Zapraszamy na stadiony. Darymny futer

Kibiców chorzowskiego Ruchu na sobotni mecz z GKS-em Katowice zapraszać nie trzeba.


Oni na mecze drużyny trenera Jarosława Skrobacza na Cichej walą drzwiami i oknami. Dość powiedzieć, że najniższą frekwencję na tym wysłużonym obiekcie odnotowano 30 lipca, gdy mecz z Puszczą Niepołomice (2:0) obejrzało „tylko” 6612 kibiców. Potem frekwencja regularnie przekraczała 7 tysięcy, potyczki ze Skrą Częstochowa i Sandecją Nowy Sącz pond 8 tysięcy widzów, zaś pojedynki z Zagłębiem Sosnowiec i Arką Gdynia obejrzał komplet, czyli 9300 widzów.

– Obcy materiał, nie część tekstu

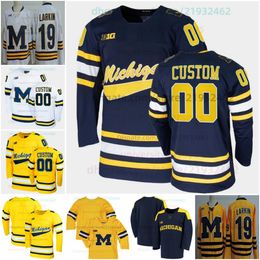 Michigan Wolverines Hockey Jersey 19 Dylan Larkin Michael Pastujov Nick Blankenburg Cam York Dylan Larkin Quinn Hughes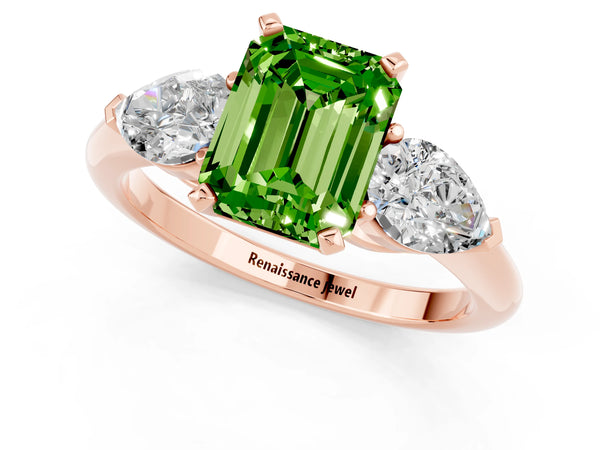 Rose gold Three-Stone Emerald Cut Peridot Ring with Pear Side Stones and Four-Prong Setting
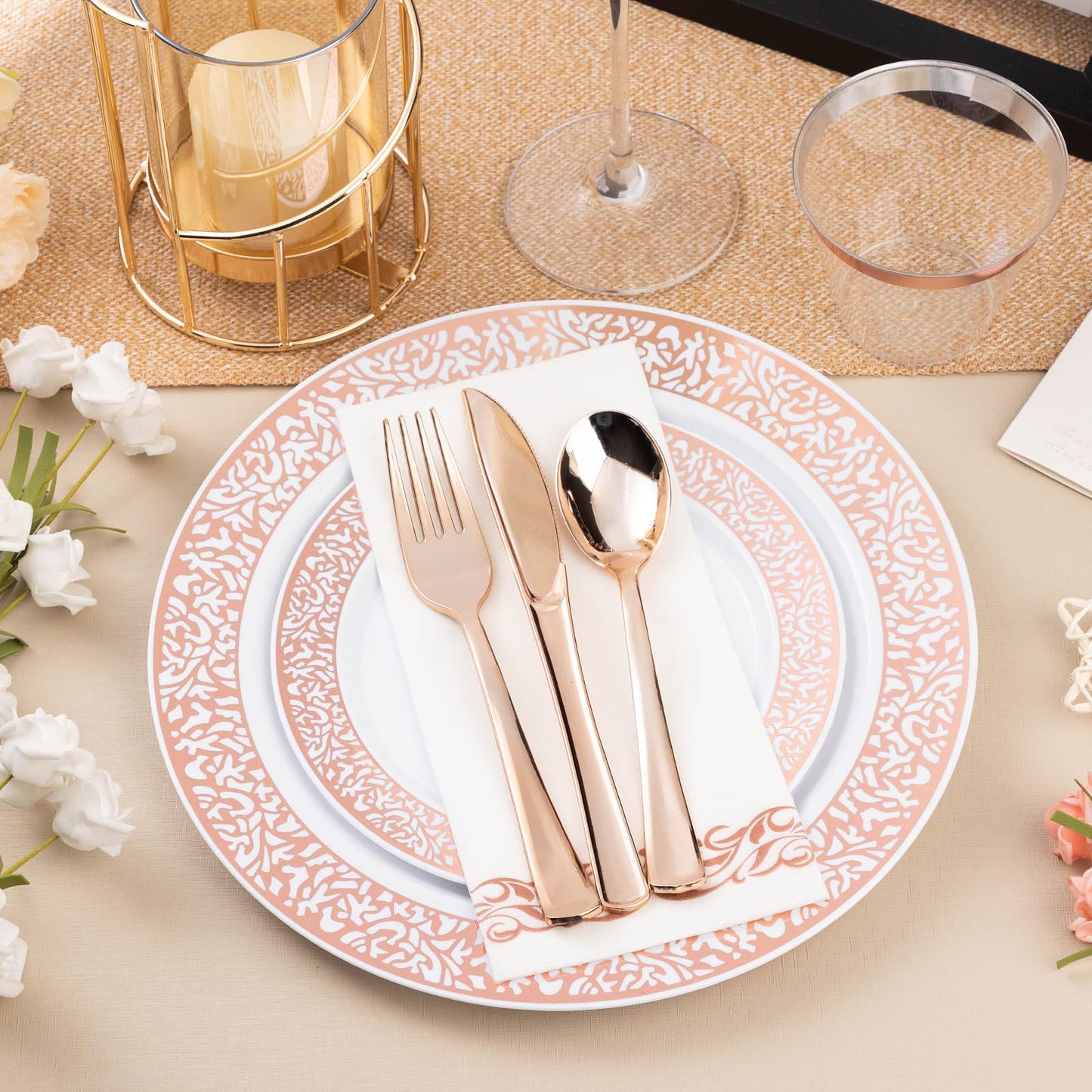 Goodluck 700-Piece Disposable Relief Rose Gold Plastic Dinnerware Set for 100 Guests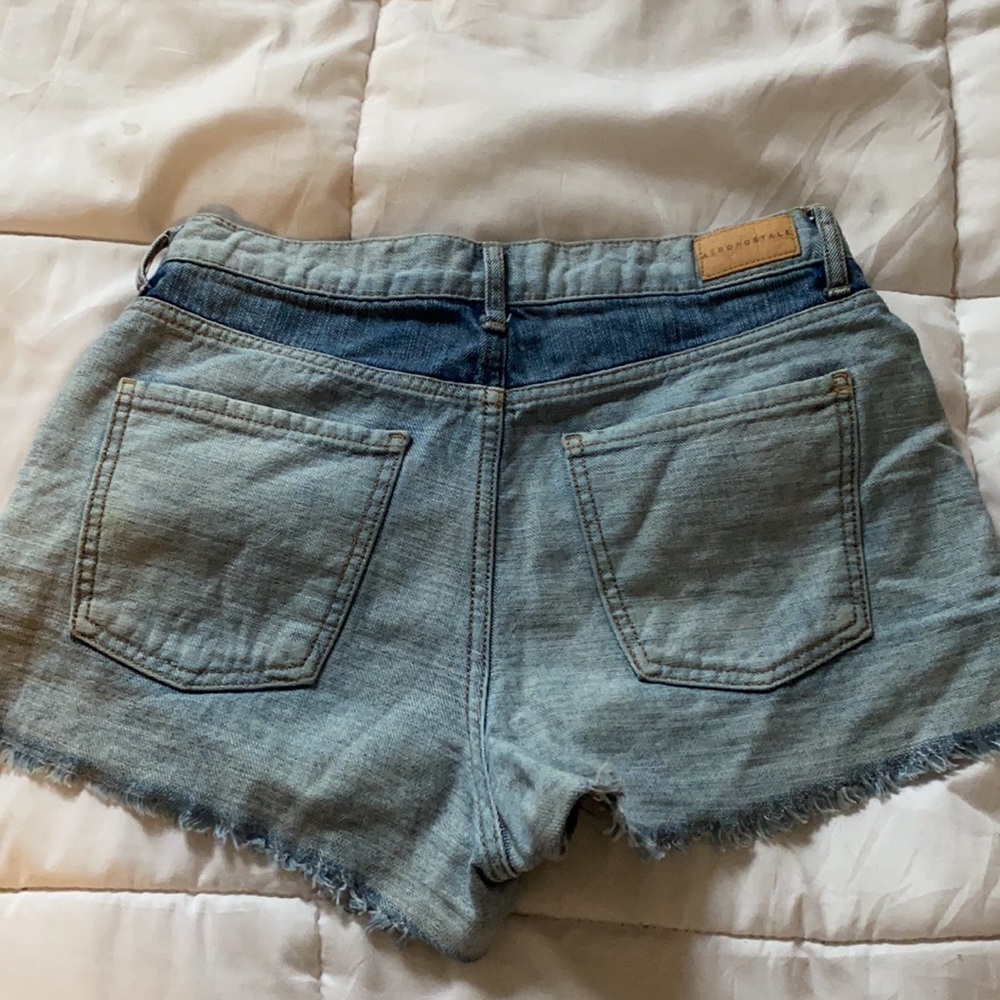 High Rise Denim Patchwork Shorts - image 4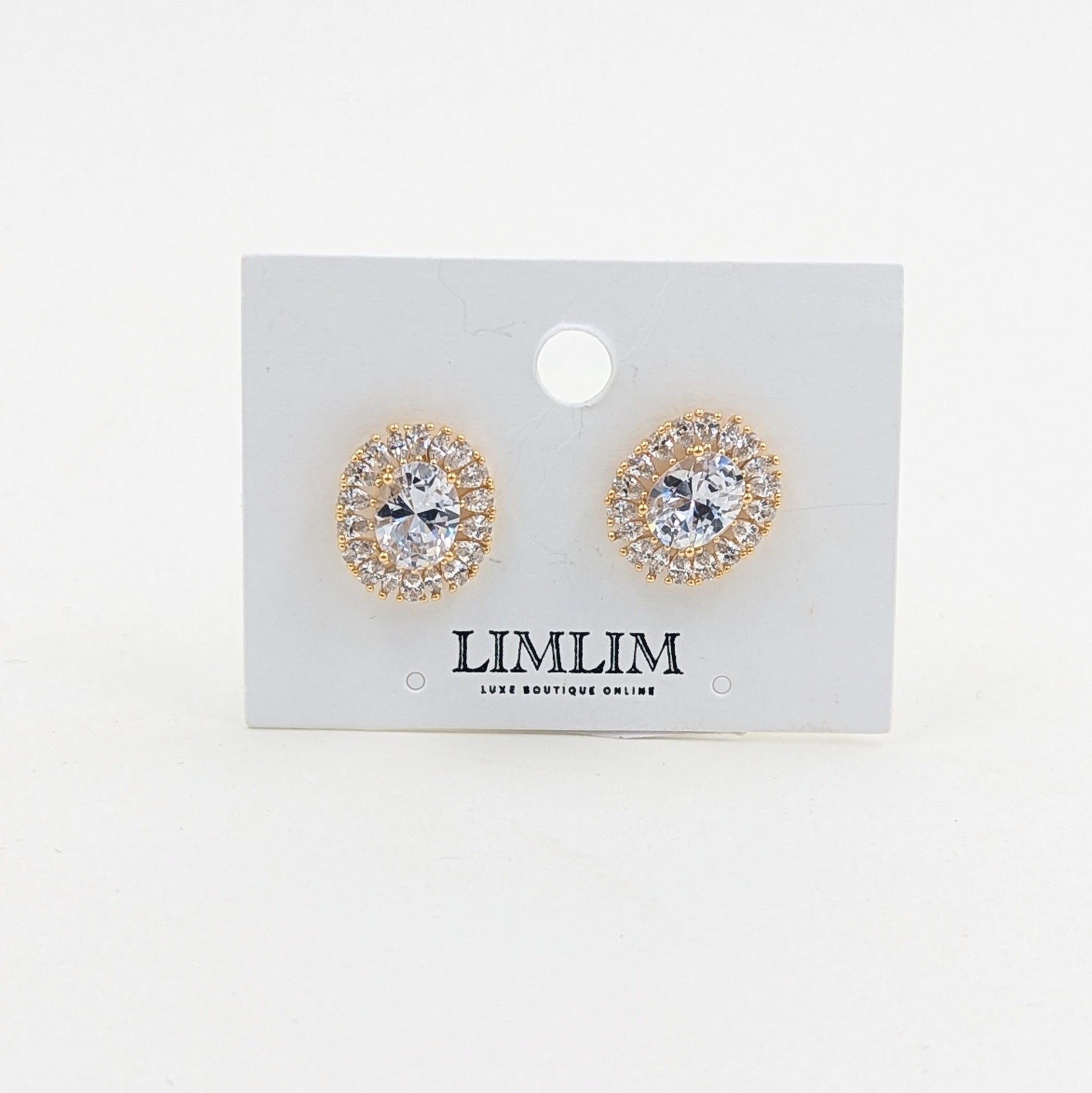 Earrings-Oval Studs w/Clear Swarovski Crystals-Gold Plated Sterling Silver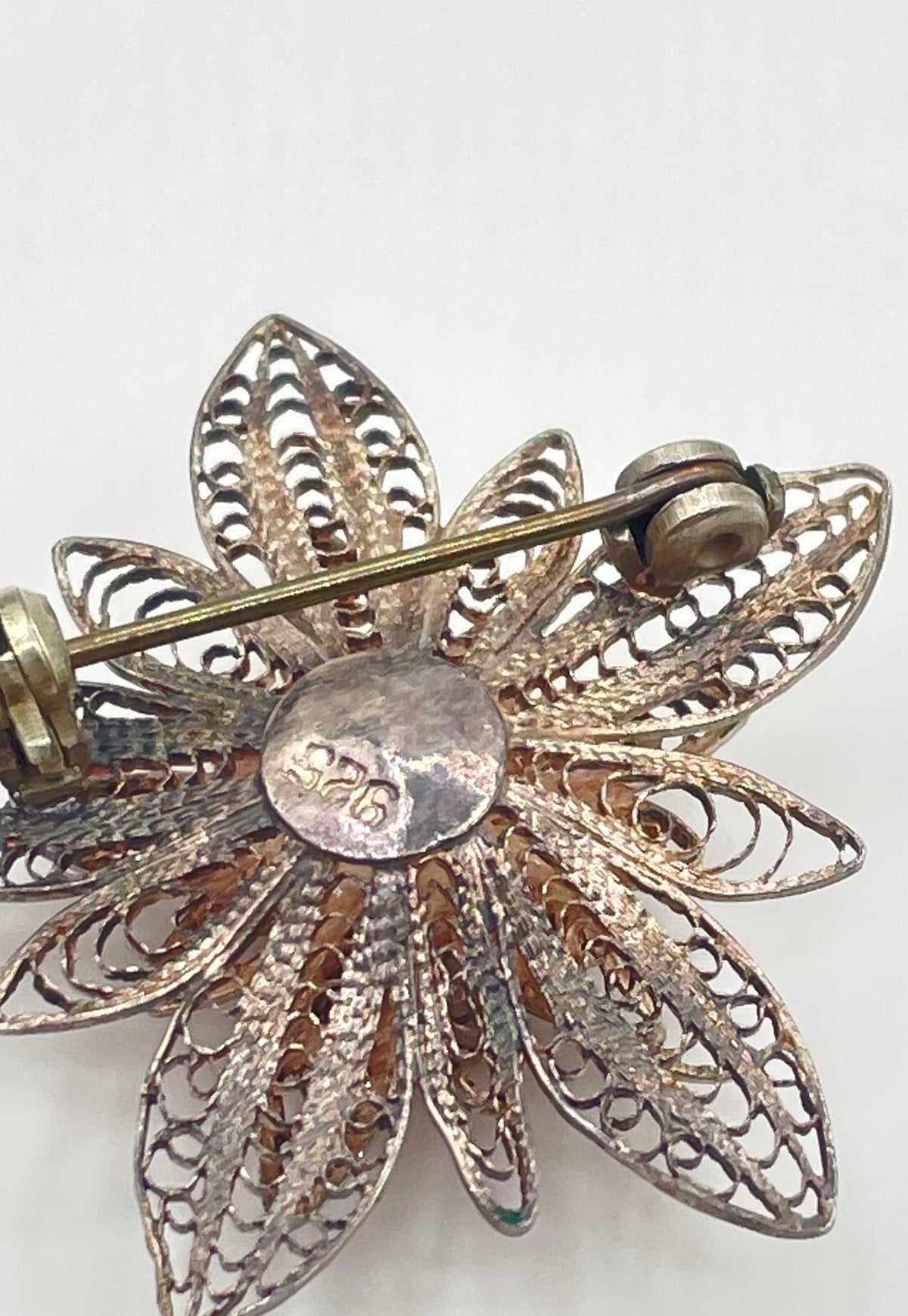 925 Sterling Silver Multi-Layered Openwork Filigree Flower Brooch Pin 3.9g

Najbliższe spotkanie „Niebieskich” z GieKSą mogłoby być świętem nie tylko dla kibiców tych drużyn, ale dla wielu mieszkańców Górnego Śląska. Musiałyby być jednak spełnione dwa warunki – ciekawy spektakl piłkarski i obecność na trybunach sympatyków gości. Zanosi się jednak na to, że ich zabraknie, ale nie z powodu administracyjnych ograniczeń, lecz ze względu na „wojenkę”, jaką toczą ze sobą klub z Bukowej oraz stowarzyszenie kibiców GKS Katowice „SK1964”. Nie będę Wisły zawracał kijem i przypominał, co jest kością niezgody. Wychodzi na jedno – próba pogodzenia zwaśnionych stron to darymny futer, czyli wysiłki nie przynoszące żadnego efektu (to wyjaśnienie dla kibiców spoza Śląska). A szkoda, bo w sobotę mogła być prawdziwa uczta piłkarska w sąsiadujących ze sobą miastach.